CAVACO SILVA E PINTO MONTEIRO
Politicamente, houve duas declarações que marcaram a semana que hoje acaba. A declaração de Cavaco Silva sobre o desempenho da função legislativa pelo Parlamento e a do Procurador Geral da República sobre as liberdades.
Se houvesse uma verdadeira cultura democrática no nosso país e se entre a generalidade dos cidadão houvesse o culto da liberdade, do equilíbrio e da interdependência dos poderes aquelas declarações teriam dado lugar a um verdadeiro debate político. Debate a todos os níveis da sociedade, seja da classe política, seja da sociedade civil. Infelizmente, salvo uma ou outra esporádica referência, ambos os temas foram arquivados no esquecimento das coisas sem importância.
E, todavia, Cavaco Silva como Presidente da República teve a pretensão de dar conselhos vinculativos ao parlamento sobre como exercer a função legislativa. E os deputados ou nada disseram ou se algo disseram foi para manifestar uma mal disfarçada concordância com as palavras do Presidente.
Alguém está disposto a imaginar o que se passaria se uma delegação parlamentar fosse a Belém veicular uma resolução informal da Assembleia Legislativa sobre o modo como o Presidente da República deve exercer os poderes presidenciais constitucionalmente consagrados?
O sistema político português consagra um equilíbrio entre os diversos órgãos de soberania, que, uma vez rompido de facto a favor do Presidente da Republica, coloca este numa posição de supremacia sem precedentes em sistemas políticos democráticos. É que não se trata de por essa via se caminhar para o presidencialismo. Um regime presidencialista não confere ao presidente qualquer supremacia sobre o legislativo. Bem pelo contrário. Num regime presidencialista o presidente não pode dissolver o legislativo, seja ele composto por uma ou duas câmaras, mas pode, em circunstâncias excepcionais, ser destituído por uma delas ou por ambas. Daí os perigos de desequilíbrio do sistema por via de práticas inconstitucionais.
E voltamos sempre ao mesmo.
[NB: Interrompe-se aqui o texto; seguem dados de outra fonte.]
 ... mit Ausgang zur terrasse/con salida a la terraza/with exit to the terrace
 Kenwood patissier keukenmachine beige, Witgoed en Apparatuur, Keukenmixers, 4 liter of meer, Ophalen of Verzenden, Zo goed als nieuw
Se os deputados gozassem de verdadeira autonomia e devessem o lugar que ocupam às suas capacidades políticas, eles desempenhariam com outro brio a função parlamentar. Assim, sentindo-se lá por beneplácito partidário, eles até têm dificuldade em interiorizar a ofensa.
Por outro lado, as declarações do Procurador Geral, proferidas em Coimbra, perante estudantes de direito, sobre o cerco de que a liberdade está sendo vítima para protecção da segurança são de extrema importância nos dias que correm. Também aqui o perigo vem dos próprios cidadãos, ou de uma parte significativa deles, que parecem aceitar sem dificuldades cada vez mais restrições à liberdade para se sentirem seguros. Esta lógica, que é historicamente uma lógica política de direita, penetrou hoje em amplas camadas da sociedade. E á medida que a sociedade teme o risco de viver em liberdade, a ponto de já não se conseguir conviver com ele, vai aceitando a certeza de perder a liberdade. Hoje admite-se um pequeno desvio, amanhã outro mais amplo, e depois ninguém estranhe que se, em vez de Guantánamos, lá mais para diante, tivermos verdadeiras medidas de segurança aplicadas com grande amplitude com base numa suspeita sobre o comportamento desviante de personalidades pretensamente associais. É só uma questão de grau. E, todavia, também as palavras do Procurador Geral ficaram sem o debate que mereciam.